Let f(x)=1+cos 2\pix and let fk=f*...*f (k-times convolution)

what is the value of lim fk(1/2) when k tends to infinity

Should use something about the Fourier Analysis, Could someone help me how to solve this problem?

Hi Sonifa, and welcome to MHB!

If you want to get some replies to your post, I think you need to explain the problem a bit more clearly. In particular,
(1) the definition of $f(x)$ is unclear. Is it meant to be $f(x) = 1 + \cos\bigl(\frac2\pi x\bigr)$?
(2) what is the domain of the function? It could be the unit interval, the whole real line, or something in between. That will affect the definition of convolution, because $f*f$ is defined as $$(f*f)(x) = \int f(y)f(x-y)\,dy,$$ where the integral is taken over the domain of $f$.

 

[Sonifa]

Hi Sonifa, and welcome to MHB!

If you want to get some replies to your post, I think you need to explain the problem a bit more clearly. In particular,
(1) the definition of $f(x)$ is unclear. Is it meant to be $f(x) = 1 + \cos\bigl(\frac2\pi x\bigr)$?
(2) what is the domain of the function? It could be the unit interval, the whole real line, or something in between. That will affect the definition of convolution, because $f*f$ is defined as $$(f*f)(x) = \int f(y)f(x-y)\,dy,$$ where the integral is taken over the domain of $f$.
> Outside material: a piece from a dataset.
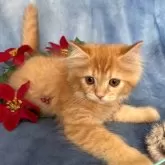 サイベリアン【千葉県・女の子・2025年8月29日・レッドタビー(ピンクリボン)】の写真7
The function should be $f(x) = 1 + \cos\bigl(2\pi x\bigr)$ and it is defined on the unict circle R/Z

 

[Opalg]

If $f(x) = 1 + \cos(2\pi x) = 1 + \frac12e^{2\pi ix} + \frac12e^{-2\pi ix}$ then the (complex) Fourier coefficients are given by $$\hat{f}(n) = \begin{cases}\frac12&(n = \pm1), \\ 1&(n=0, \\ 0&(\text{otherwise}). \end{cases}$$ The Fourier transform converts convolution products to pointwise products, so it follows that $$\hat{f_k}(n) = \begin{cases}2^{-k}&(n = \pm1), \\ 1&(n=0, \\ 0&(\text{otherwise}). \end{cases}$$ Therefore $f_k(x) = 1 + 2^{-k}\bigl(e^{2\pi ix} + e^{-2\pi ix}\bigr) = 1 + 2^{1-k}\!\cos(2\pi x).$ From that, you should easily be able to find $$\lim_{k\to\infty}f_k(1/2).$$

 

[Sonifa]

If $f(x) = 1 + \cos(2\pi x) = 1 + \frac12e^{2\pi ix} + \frac12e^{-2\pi ix}$ then the (complex) Fourier coefficients are given by $$\hat{f}(n) = \begin{cases}\frac12&(n = \pm1), \\ 1&(n=0, \\ 0&(\text{otherwise}). \end{cases}$$ The Fourier transform converts convolution products to pointwise products, so it follows that $$\hat{f_k}(n) = \begin{cases}2^{-k}&(n = \pm1), \\ 1&(n=0, \\ 0&(\text{otherwise}). \end{cases}$$ Therefore $f_k(x) = 1 + 2^{-k}\bigl(e^{2\pi ix} + e^{-2\pi ix}\bigr) = 1 + 2^{1-k}\!\cos(2\pi x).$ From that, you should easily be able to find $$\lim_{k\to\infty}f_k(1/2).$$

Finally, I got the same solution as yours. But still many thanks!